Two weeks or so ago we were walking the Estate track from Drummuie up to Loch Lunndaidh when we spotted what looked like a walled field on the lower slopes the hill to our right - that is, to the north of the track. Although some of the intervening ground was still boggy from recent rain we....
....managed to reach the site. The field measures 20m by 20m and the rock wall is of substantial construction, being up to a metre thick in places and, originally, probably as high, but much of it has fallen.
The field might have had one of two uses, either as a place in which to grow crops or as an animal enclosure.
On returning home I checked the area using the satellite facility on Bing Maps, and spotted both the field and several further structures.
Field 1 is the field we visited, while fields 2 and 3 are open areas which were almost certainly cultivated as they are thick with bracken, while Field 4 is a further walled field. The track to the left of the satellite picture is clearly visible in the top photograph.
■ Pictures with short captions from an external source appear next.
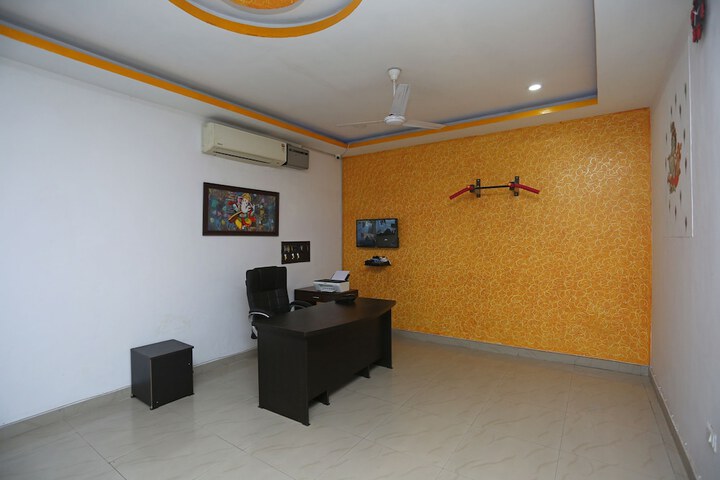 Hotel Interior 2 of 14
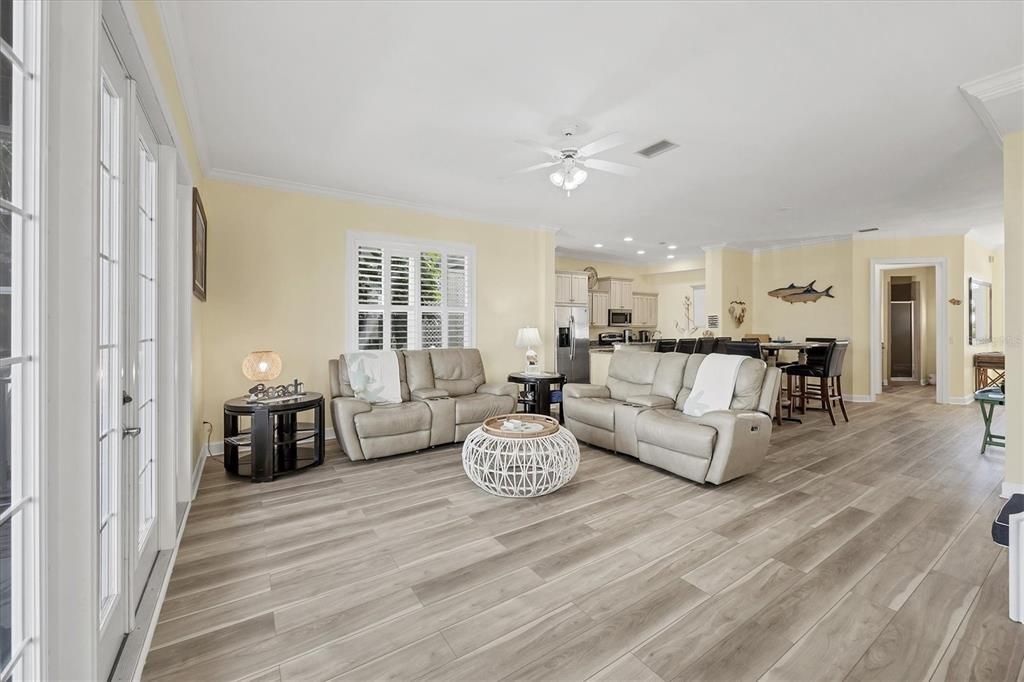 En Venta: $979,000 (4 camas, 3 baños, 2160 Pies cuadrados)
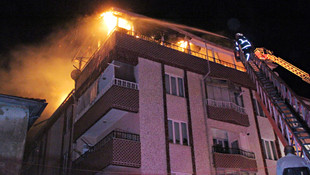 Apartmanın çatı katındaki yangın korkuttu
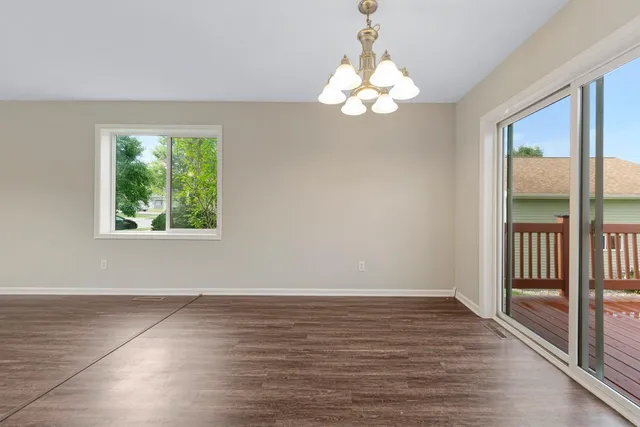 $289,900 | 2112 York Street, St. Peter, MN 56082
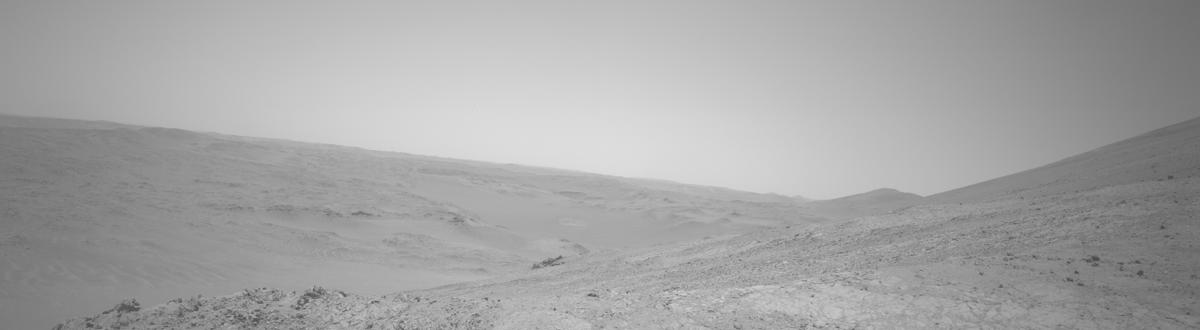 This image was taken by NAVCAM_LEFT onboard NASA's Mars rover Perseverance on Sol 1463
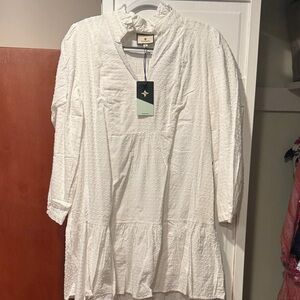 Tuckernuck Ivory Textured Blouse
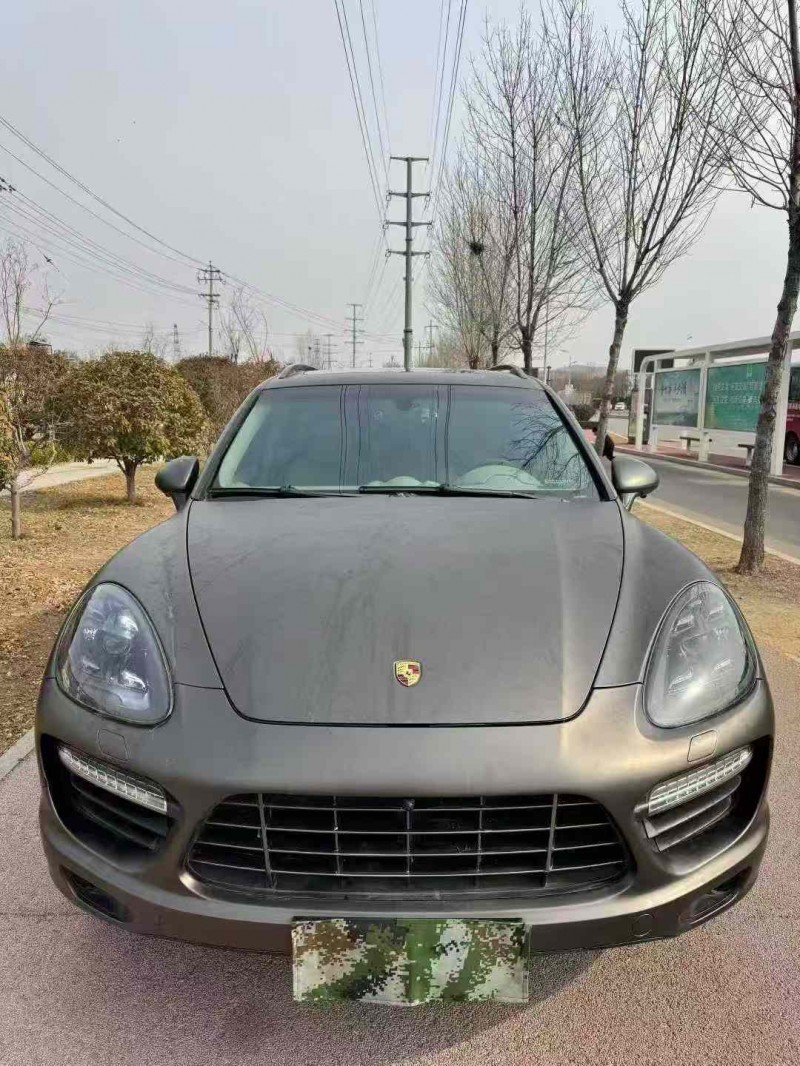 枣庄12年保时捷卡宴1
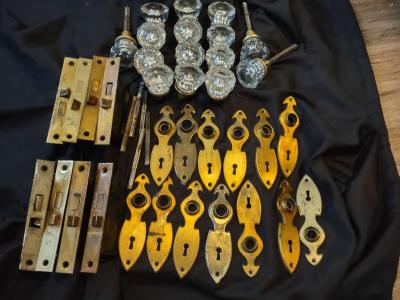 8 glass door knob sets - Thumbnail 2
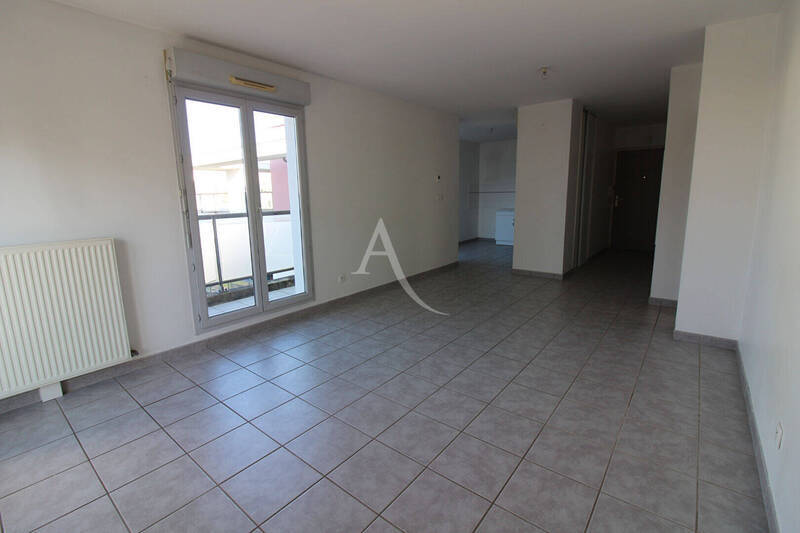 Location appartement 3 pièces 61 m² à Chalon-sur-Saône 71100 - 641 €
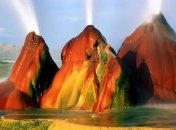 Необычный "марсианский" гейзер в американской  пустыне Блэк-Рок (Фото) 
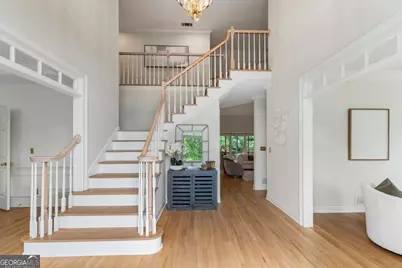 9170 Nesbit Lakes Drive, Alpharetta, GA 30022 - Photo 3
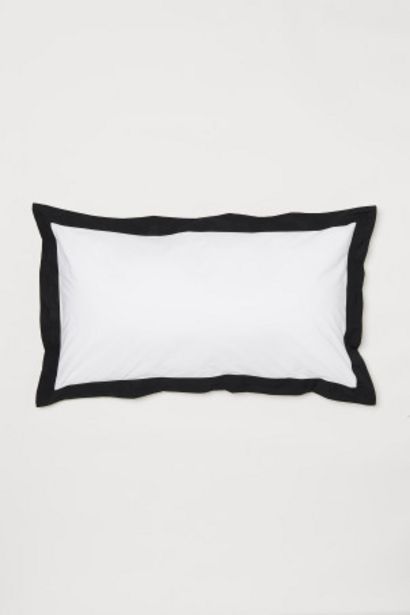 Oxford-style Pillowcase offers at $10.99 in H&M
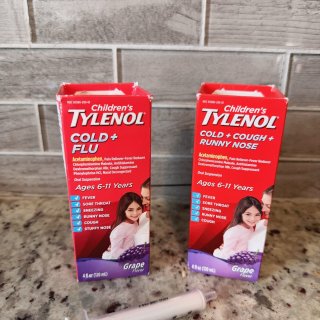 Tylenol儿童感冒药...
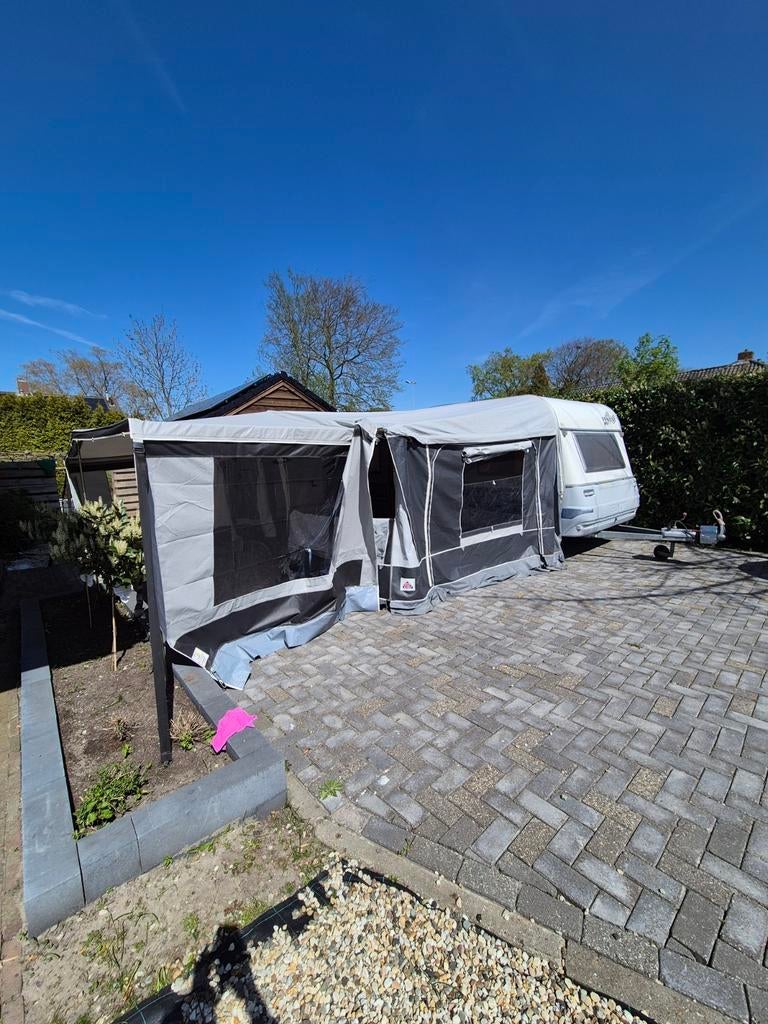Voortent met luifel en bump out, Caravans en Kamperen, Voortenten en Luifels, Ophalen, Gebruikt, Dorema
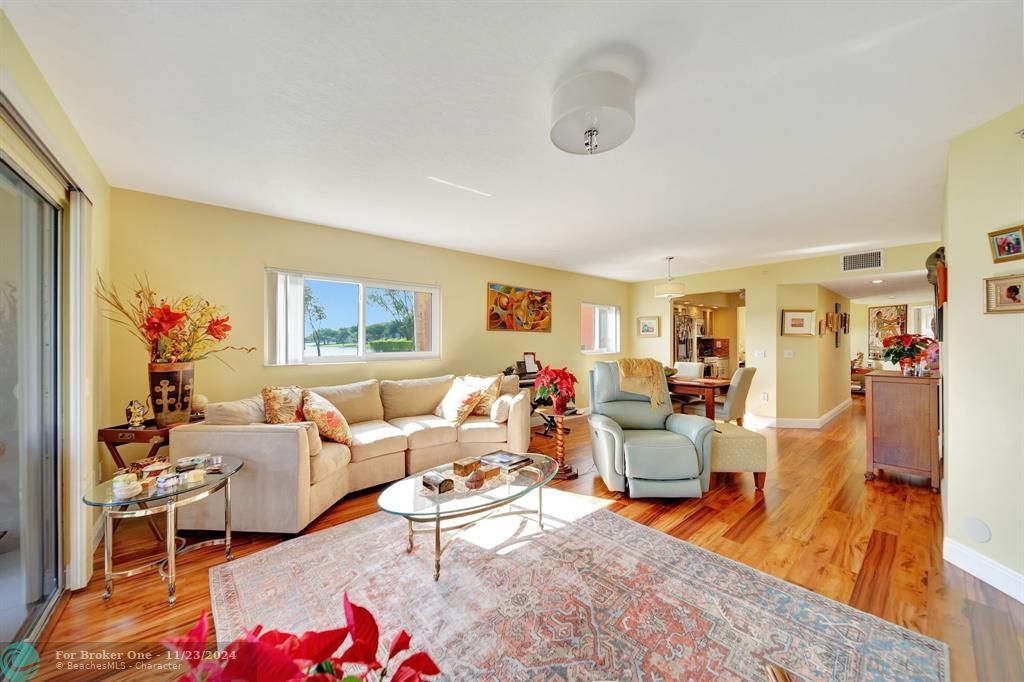 For Sale: $335,000 (2 beds, 2 baths, 1533 Square Feet)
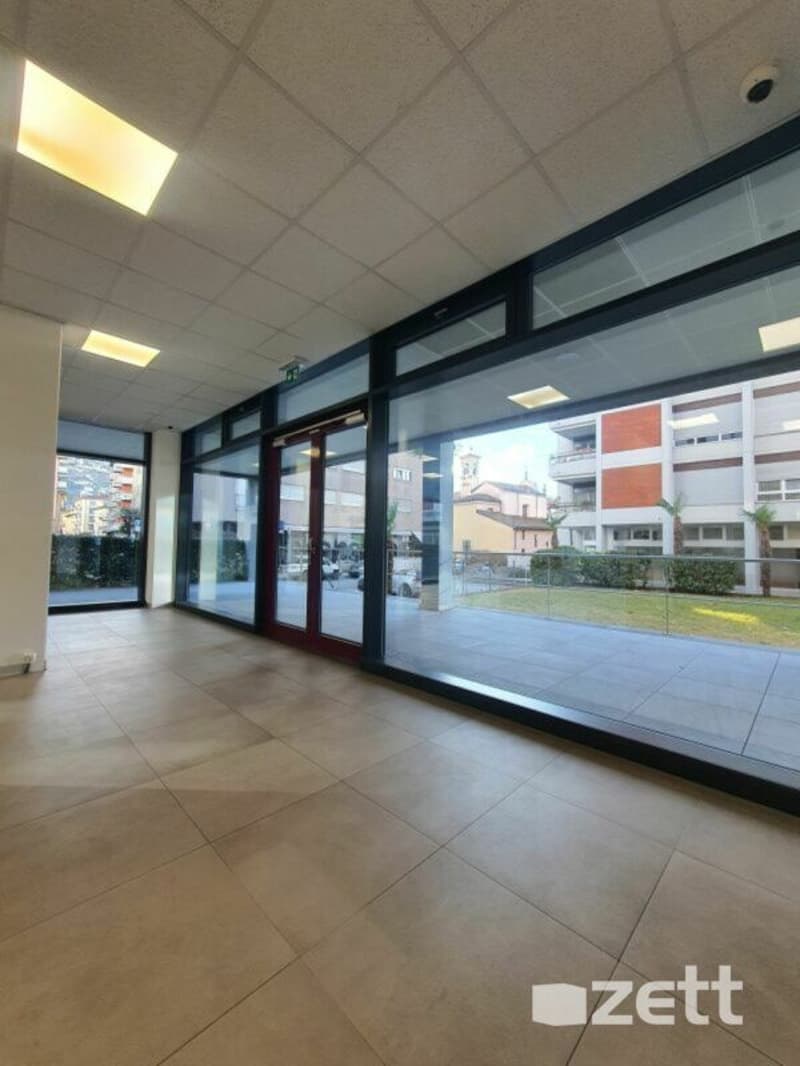 Commercial space on the ground floor (approx. 80 sqm) - Lugano USI area - Residenza Agorà (3)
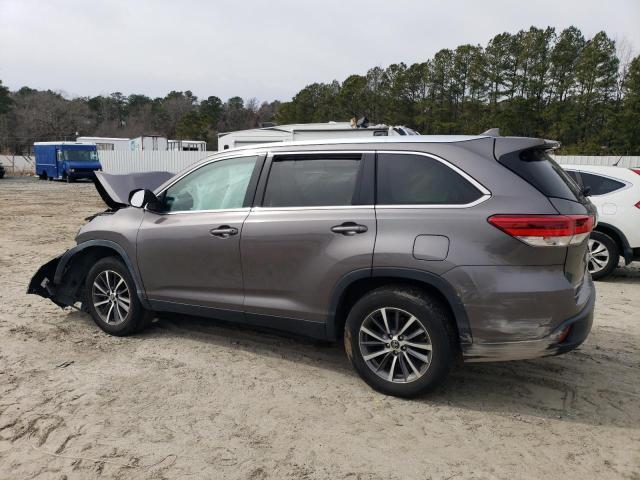 2019 Toyota Highlander Se - Фото 2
However, the feature which most struck me was the one within the red ellipse: it's almost certainly a dwelling house, divided into four areas, but of a most unusual length.
While the field we visited is marked on the modern OS 1:25,000 map - arrowed above - there is no record of any of the structures on the early OS maps in the National Library of Scotland, nor do they appear on archaeological sites such as Canmore or the Highland Historic Environment Record.
This is the sort of archaeological investigation I love: the site deserves another visit, and fairly soon, before the bracken starts to shoot.